■ Exercise details:
Output the data unchanged and complete, minus the images.

■ Data segment:
========
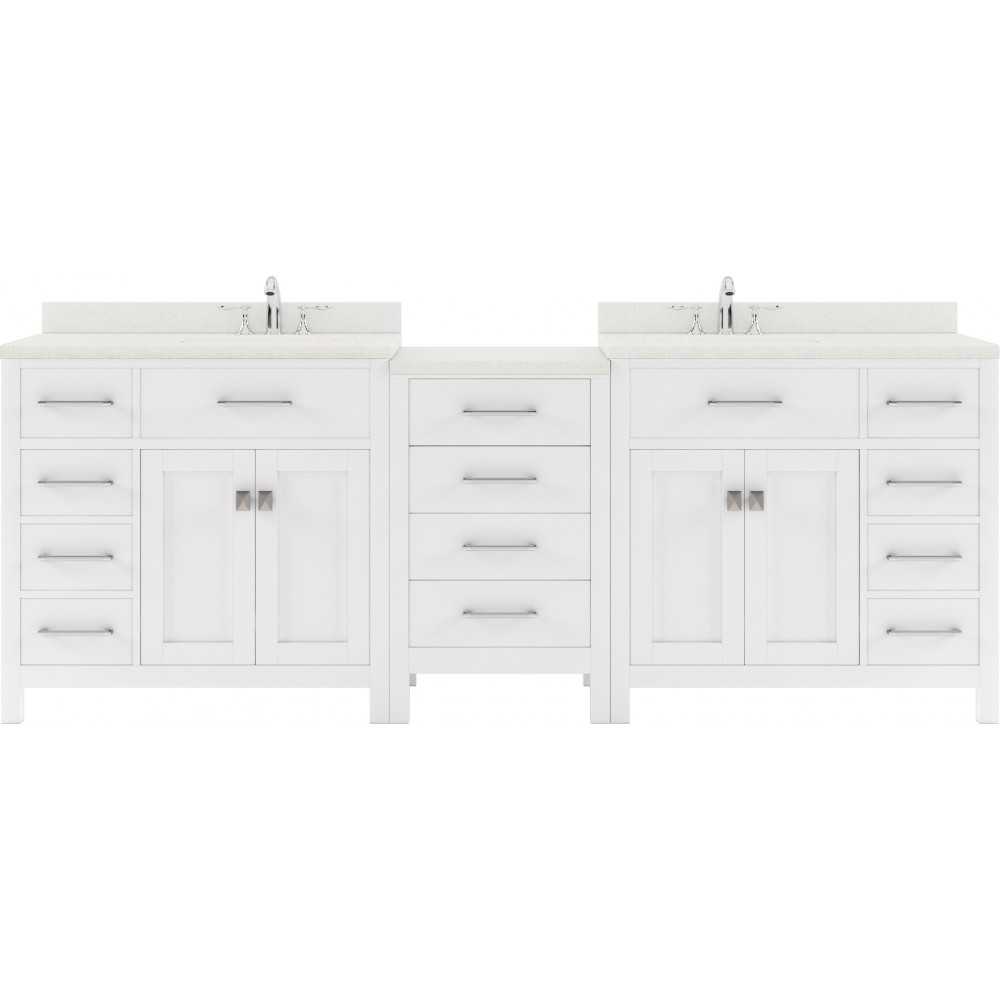 Caroline Parkway 93" Double Bath Vanity in White with White Quartz Top and Round Sinks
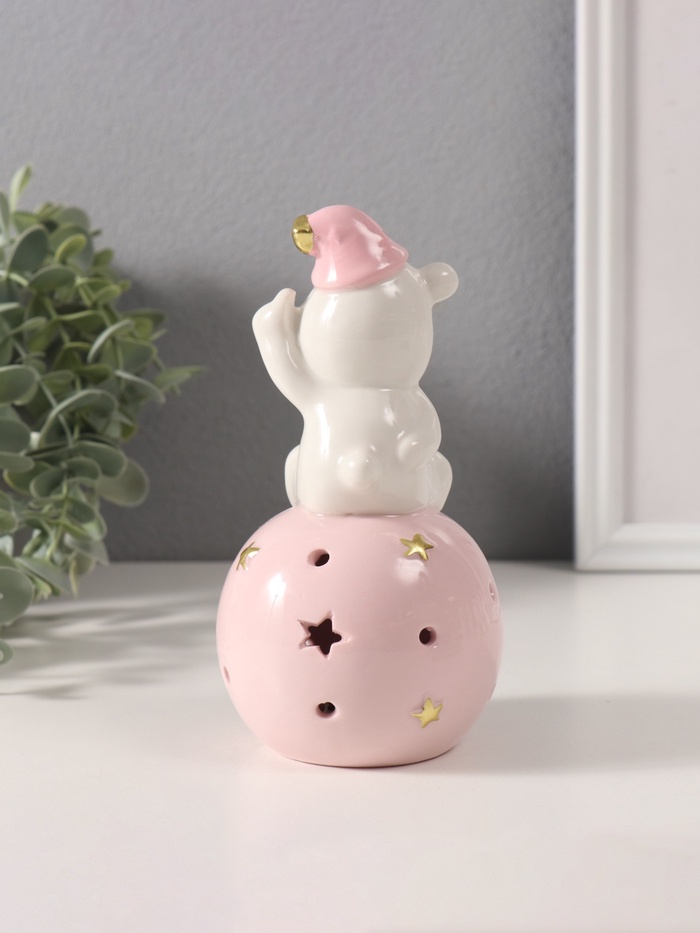 Фигурка светящаяся «Медвежонок в розовом колпаке на шаре со звёздами», керамика, 8×8×15 см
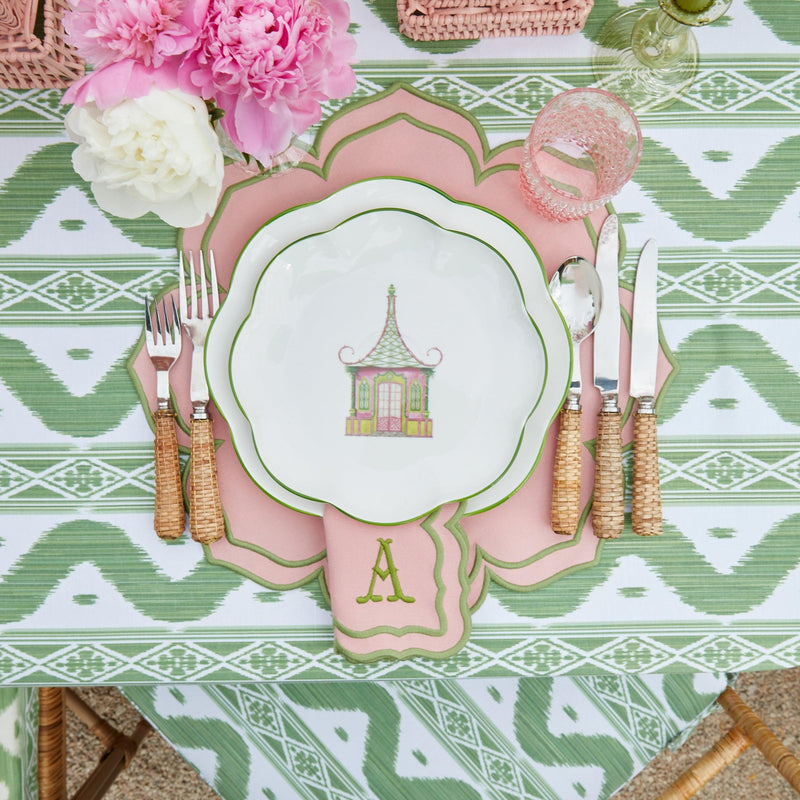 Pink & Green Pagoda Starter Plate (Set of 4) - Mrs. Alice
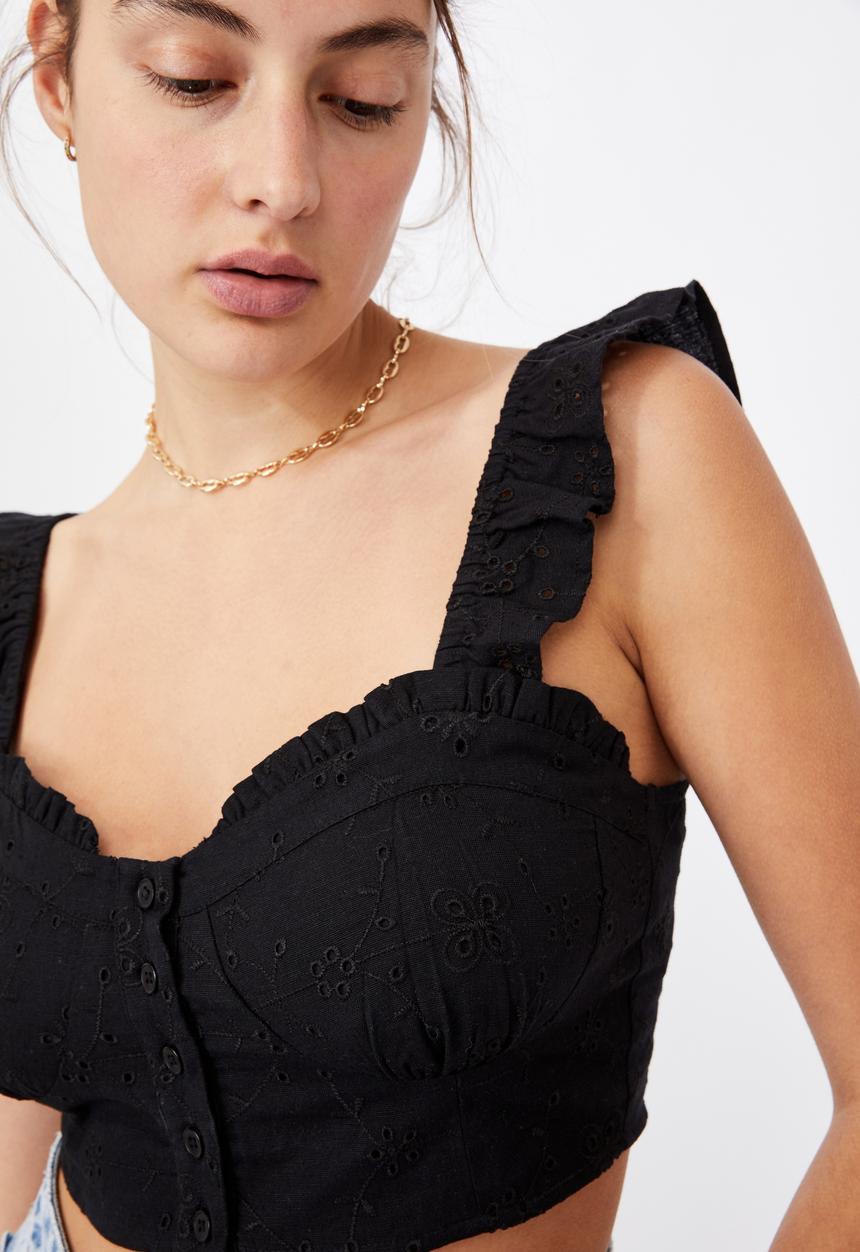 Cotton On - Sweetheart frill sleeve blouse - black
========
■ Final answer:
 Caroline Parkway 93" Double Bath Vanity in White with White Quartz Top and Round Sinks
 Фигурка светящаяся «Медвежонок в розовом колпаке на шаре со звёздами», керамика, 8×8×15 см
 Pink & Green Pagoda Starter Plate (Set of 4) - Mrs. Alice
 Cotton On - Sweetheart frill sleeve blouse - black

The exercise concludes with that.